***** Supplied data *****
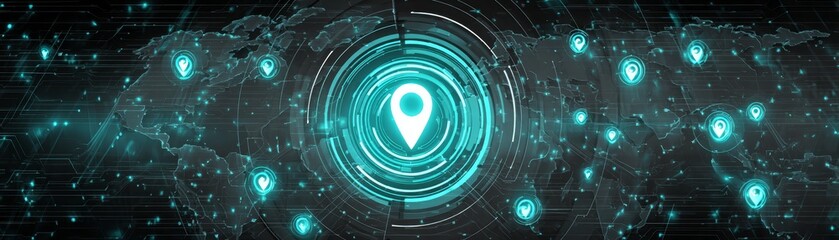 Fototapete - Futuristic background with glowing circles, a vibrant and modern design futuristic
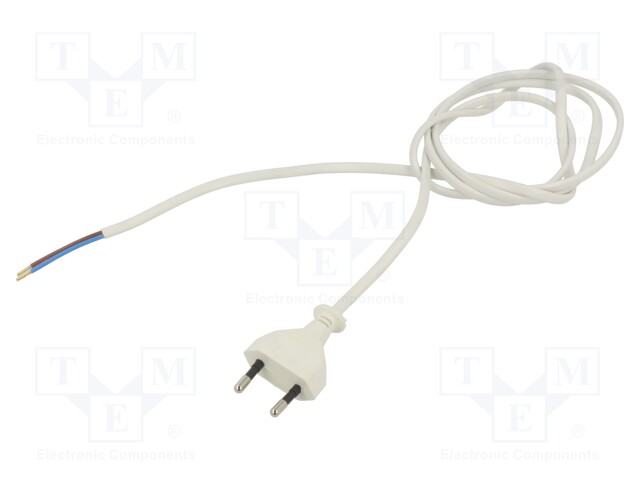 KAAPELI - 2X0,75MM2 - CEE 7/16 (C) PISTOKE,JOHDOT - PVC - 3M - 2,5A - Tietokone- ja laitejohdot - WJ-11-2073WH - 1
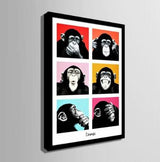 1 Panel Chimpanzee Framed Wall Canvas Art | Octo Treasures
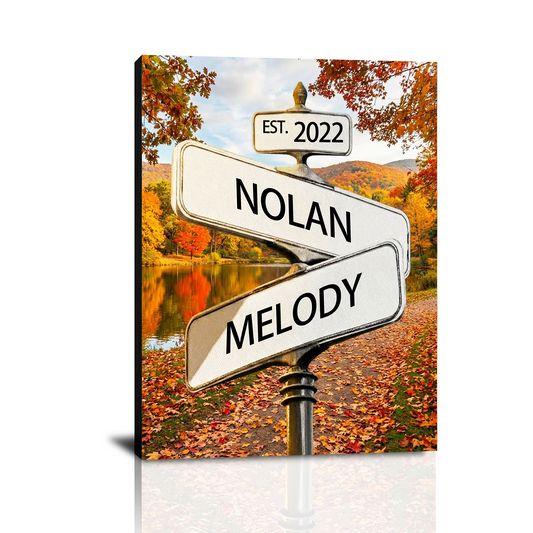 Personalized Crossroad Street Sign Canvas Prints with Couple Names, Custom Vintage Street Sign Gifts, Perfect Valentine’s Day, Christmas Gift for Him Her Husband Wife Boyfriend Girlfriend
*****
* **Description of the task**: When you reach the line containing "1 Panel Chimpanzee" in the listing above, reproduce it and every line after it through the last, exactly; omit the pictures.

* **Written solution**:
 1 Panel Chimpanzee Framed Wall Canvas Art | Octo Treasures
 Personalized Crossroad Street Sign Canvas Prints with Couple Names, Custom Vintage Street Sign Gifts, Perfect Valentine’s Day, Christmas Gift for Him Her Husband Wife Boyfriend Girlfriend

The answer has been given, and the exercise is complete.